Dataset:
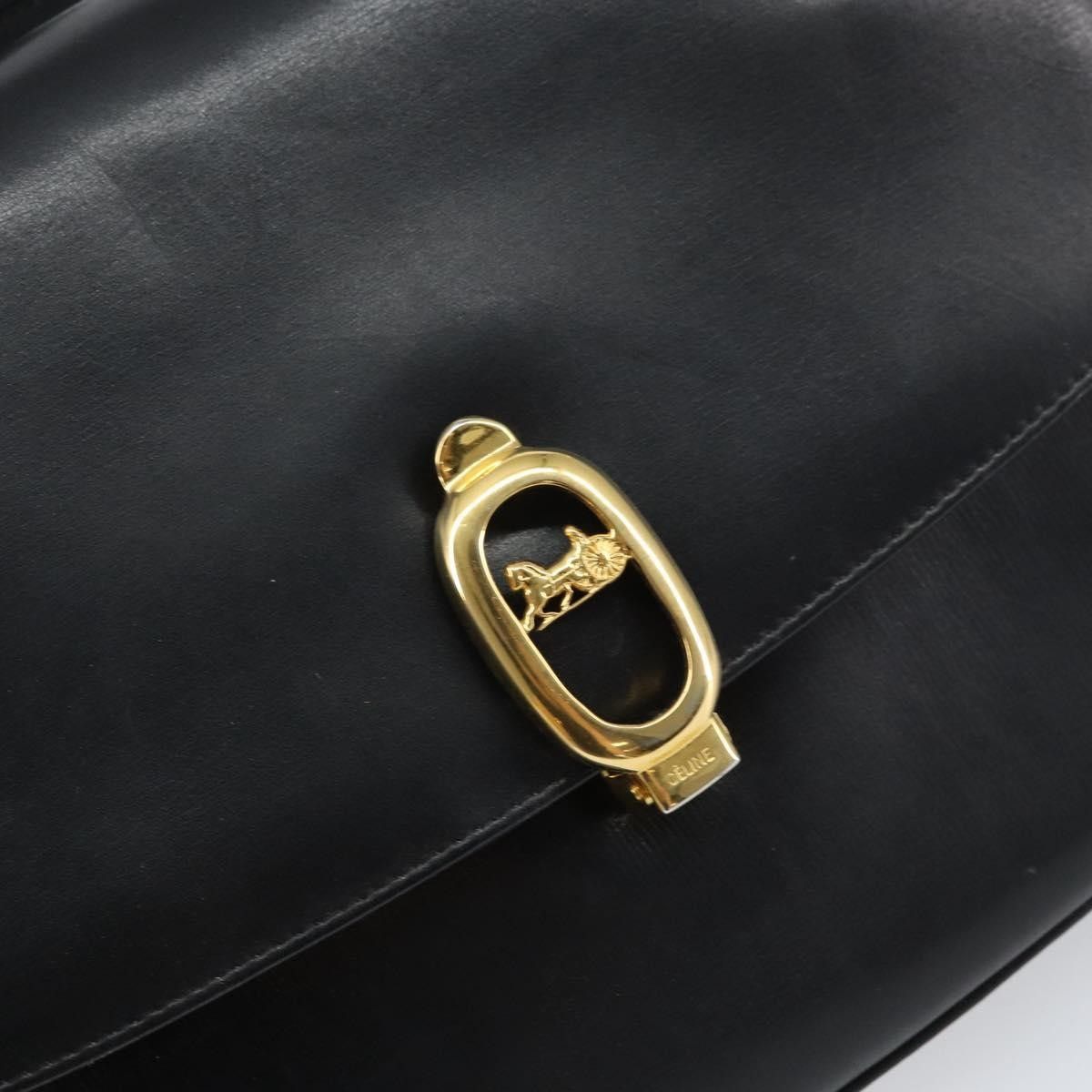 Celine Celine Horse Carriage Leather Size ONE SIZE - 12 Thumbnail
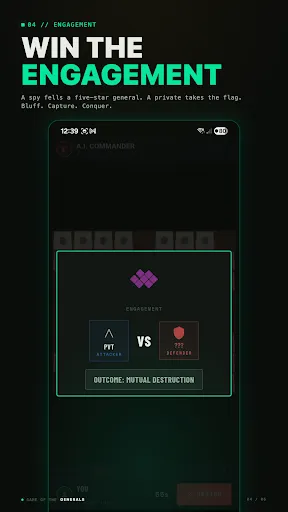 Game of the Generals(Salpakan) | Games | XWorld Game of the Generals(Salpakan) | Games | XWorld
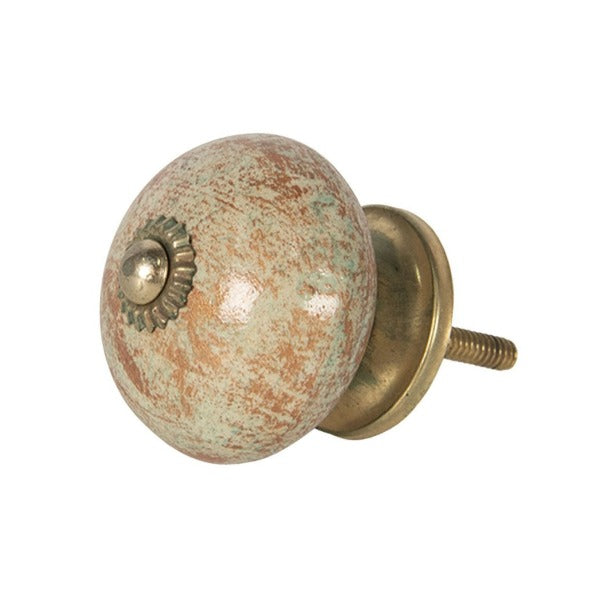 Drawer Knob, 4.25cm 🔴 9 In Stock (ce480)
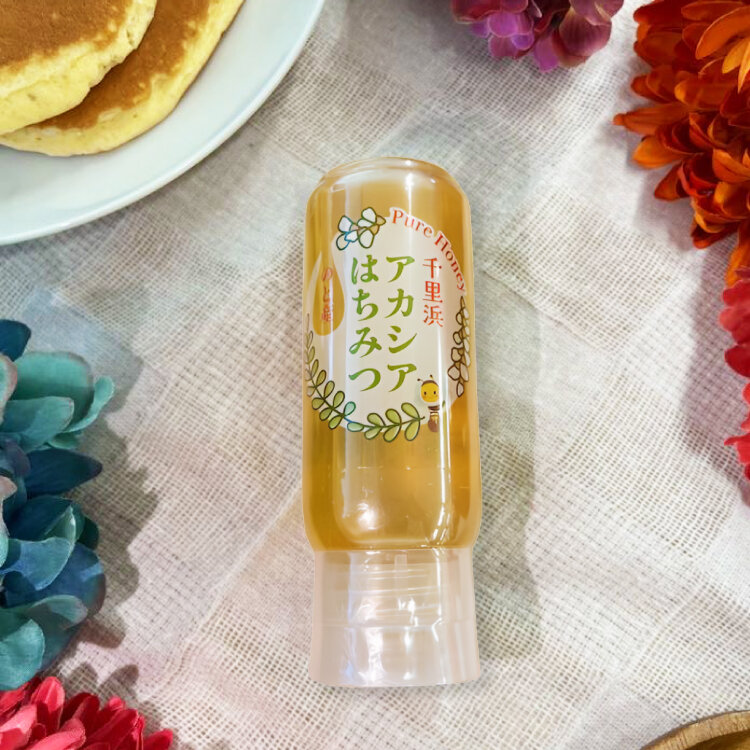 のと産アカシアはちみつ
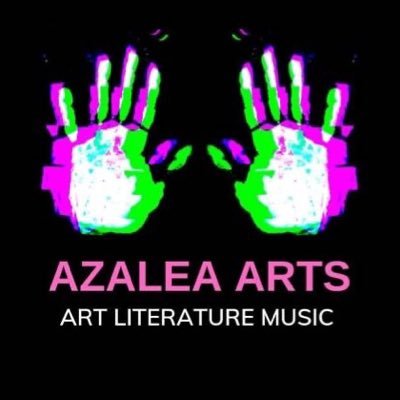 Art, literature, music. Instagram: @azalea_arts_ Events, art for sale and more. EXPRESSIONS IN ARTISTIC MOTION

Exercise instructions:
Leaving out only the pictures, retype every record exactly.

Exercise output:
 Celine Celine Horse Carriage Leather Size ONE SIZE - 12 Thumbnail
 Game of the Generals(Salpakan) | Games | XWorld Game of the Generals(Salpakan) | Games | XWorld
 Drawer Knob, 4.25cm 🔴 9 In Stock (ce480)
 のと産アカシアはちみつ
 Art, literature, music. Instagram: @azalea_arts_ Events, art for sale and more. EXPRESSIONS IN ARTISTIC MOTION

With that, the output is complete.